I have been a huge Opera fan since its early incarnations (even paid for it
when it wasn't free). Also participate in beta testing, etc. But the release
of 10.x left sour taste in my mouth as it was buggy too often for me.
Suffering from countless "last few elements loading" issues, broken web sites
and most important a beatdown in js and page-loading tests I have done (and
seen elsewhere) from the more agile upstarts of Chrome and Firefox releases as
they tried to one up each other. Even IE8 tested faster at times for me in
loading pages I frequented.

But ever since they released the "teaser" of this new Opera right before Xmas
2009 I have been stoked and actively following its development and testing
just about every new snapshot/beta they put out.

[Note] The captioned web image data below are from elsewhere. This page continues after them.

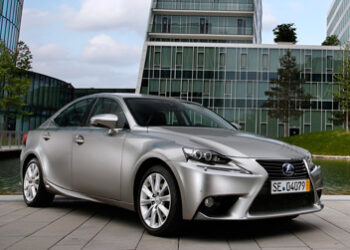 La Lexus Is Hybrid naviga con Google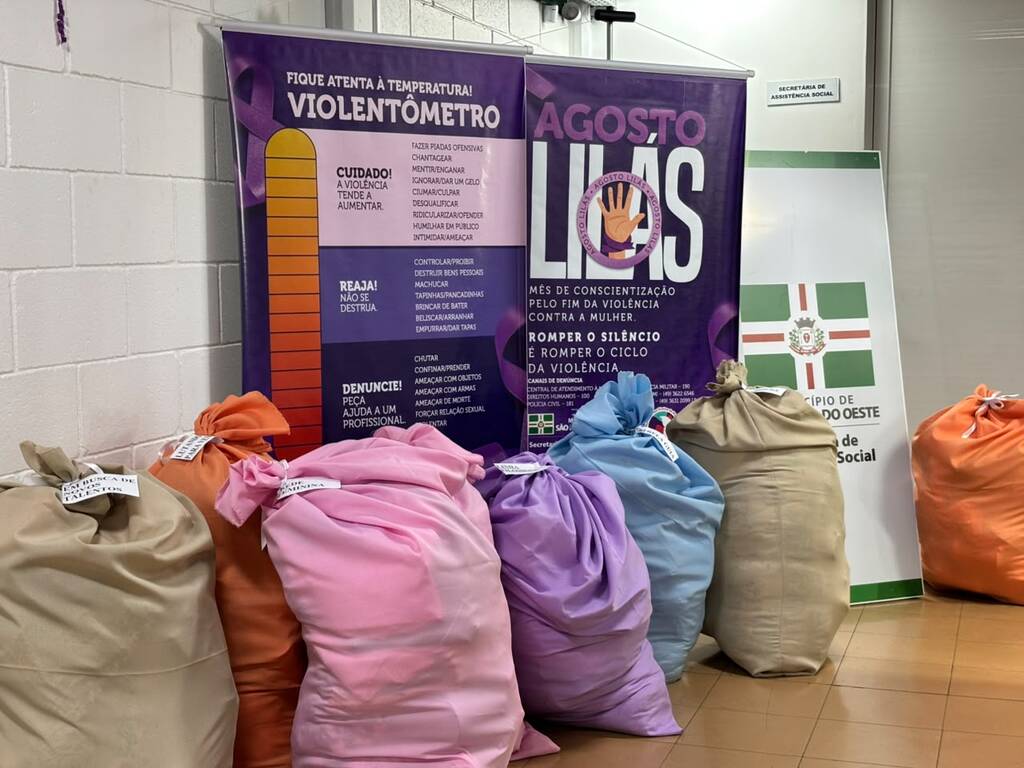 Secretaria realiza entrega de kits de artesanato para grupos de mulheres
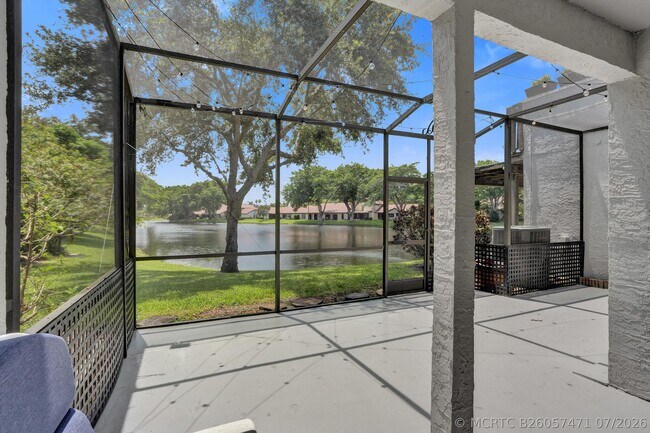 Building Photo - 635 Northshore Dr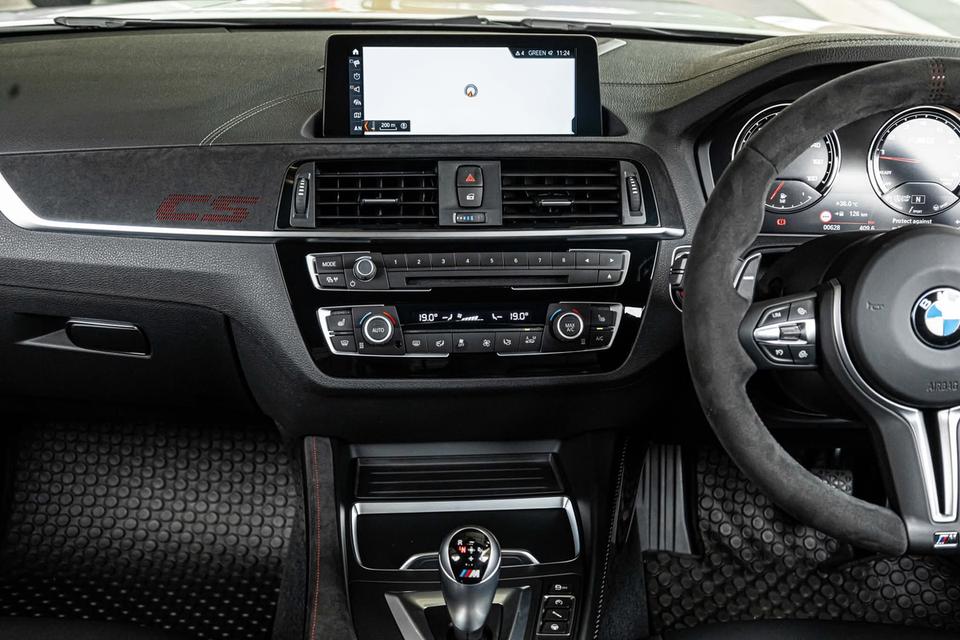 M2 CS Coupe  13
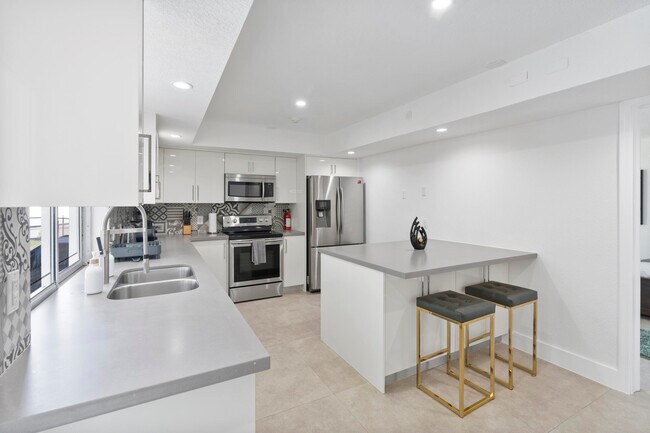 Building Photo - 3721 N 55th Ave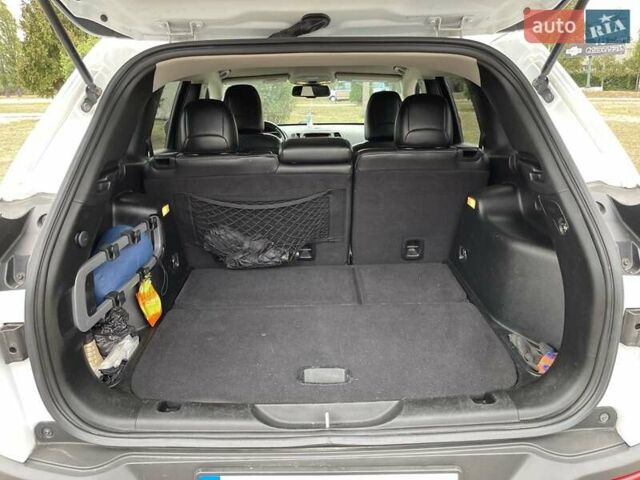 Білий Джип Cherokee, об'ємом двигуна 2.36 л та пробігом 180 тис. км за 12800 $, фото 9 на Automoto.ua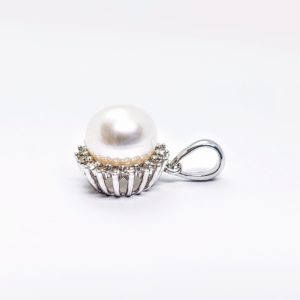 57900118-White-1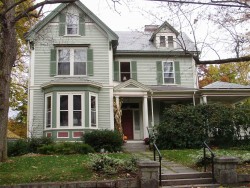 90 Sumner St, Newton, MA 02459-1958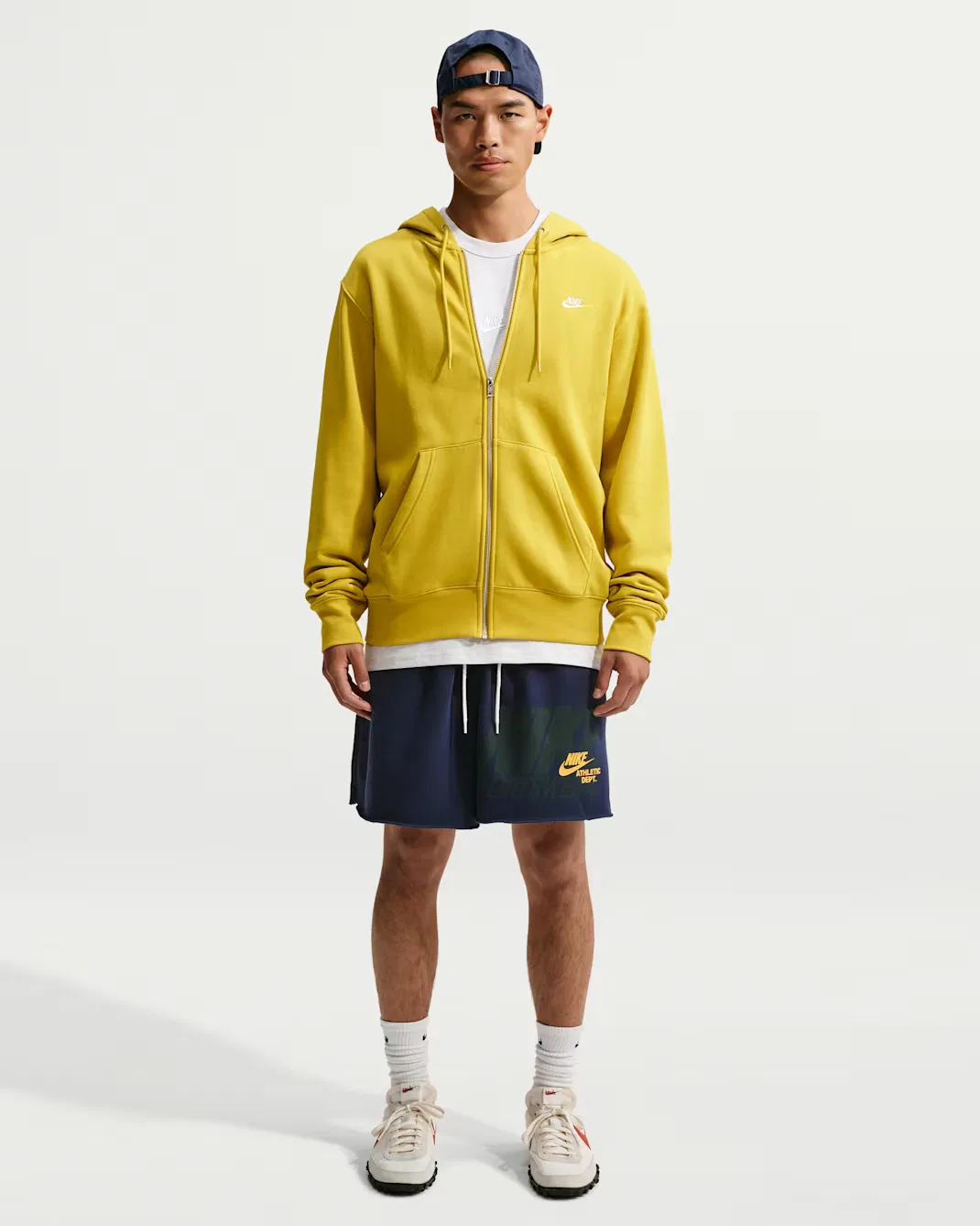 Мужские флисовые шорты Nike Sportswear Club, Obsidian/University Gold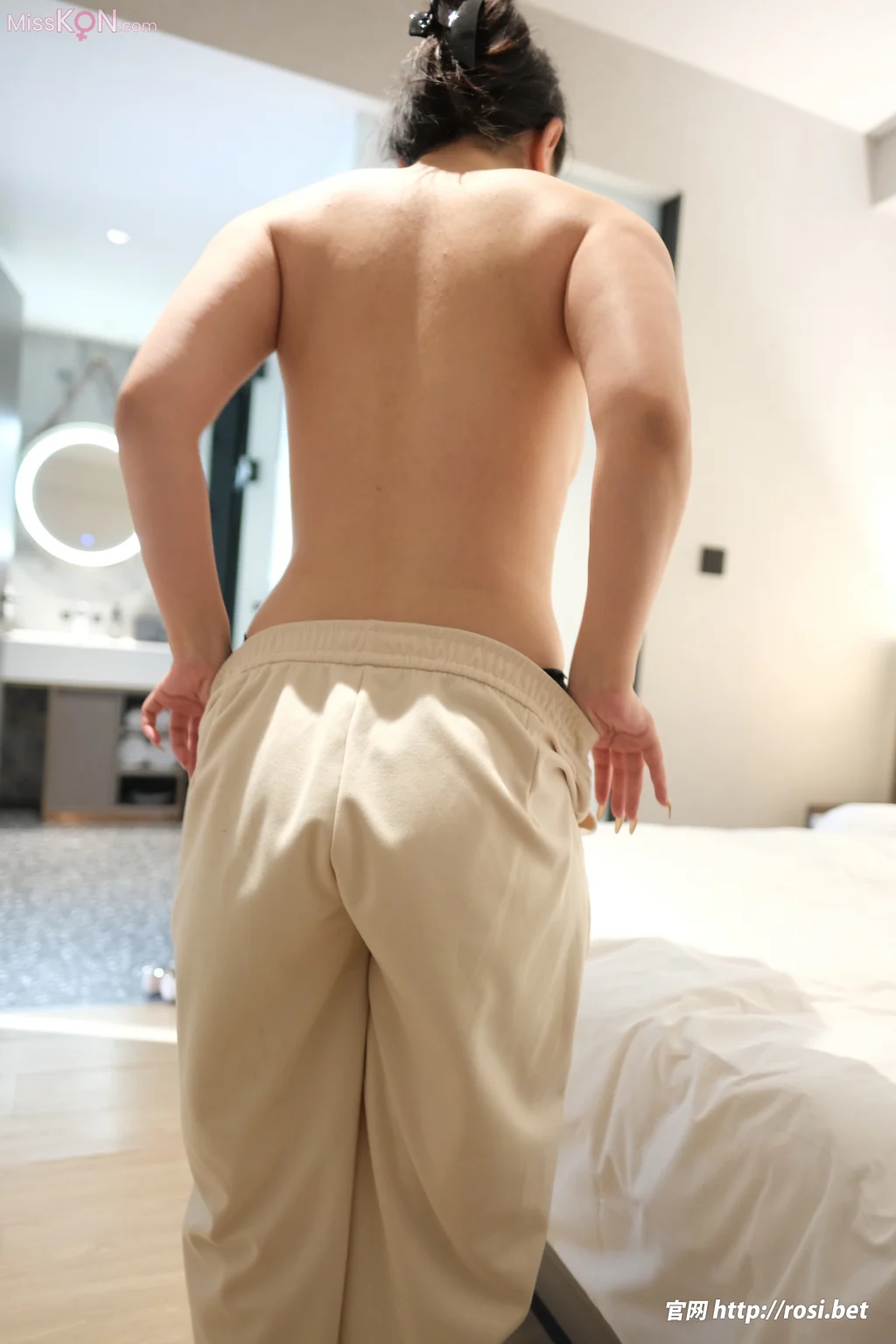 [ROSI写真] 2026.03.24 No.5223 (85 photos)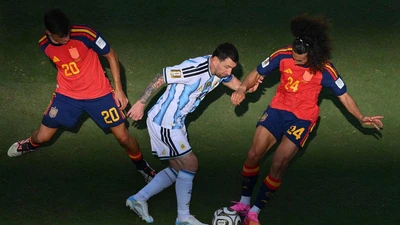 Wayne Rooney Criticizes Lionel Messi Over World Cup Final Incident as Sportsmanship Debate Intensifies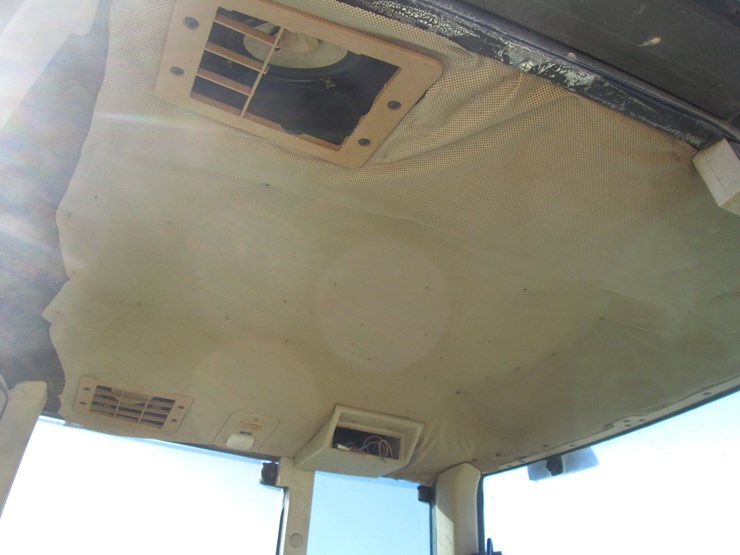 john-deere-6310-image-24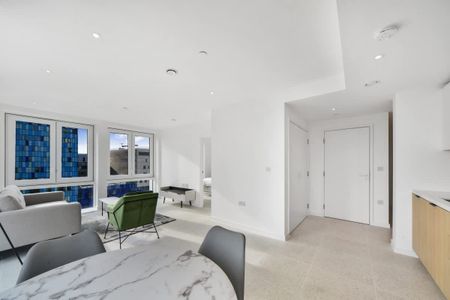 Bouchon Point, Cendal Crescent, E1 - Photo 2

I've tried other browsers with extensions and such but none of them seem to
feel as complete and as integrated as Opera. Hence why I still use it despite
my ventures into Chrome/FF and even Safari (chrome is really nice as well and
would be my default had Opera not gotten the hint).

Anyway, I am enthusiastically downloading the 10.5 release right now. A very
large thanks to all the Opera developers for their efforts into this amazing
release in short time. Everyone should try it.

------
Groxx
Hah, a chart with 1.0 = IE7. I like that basis.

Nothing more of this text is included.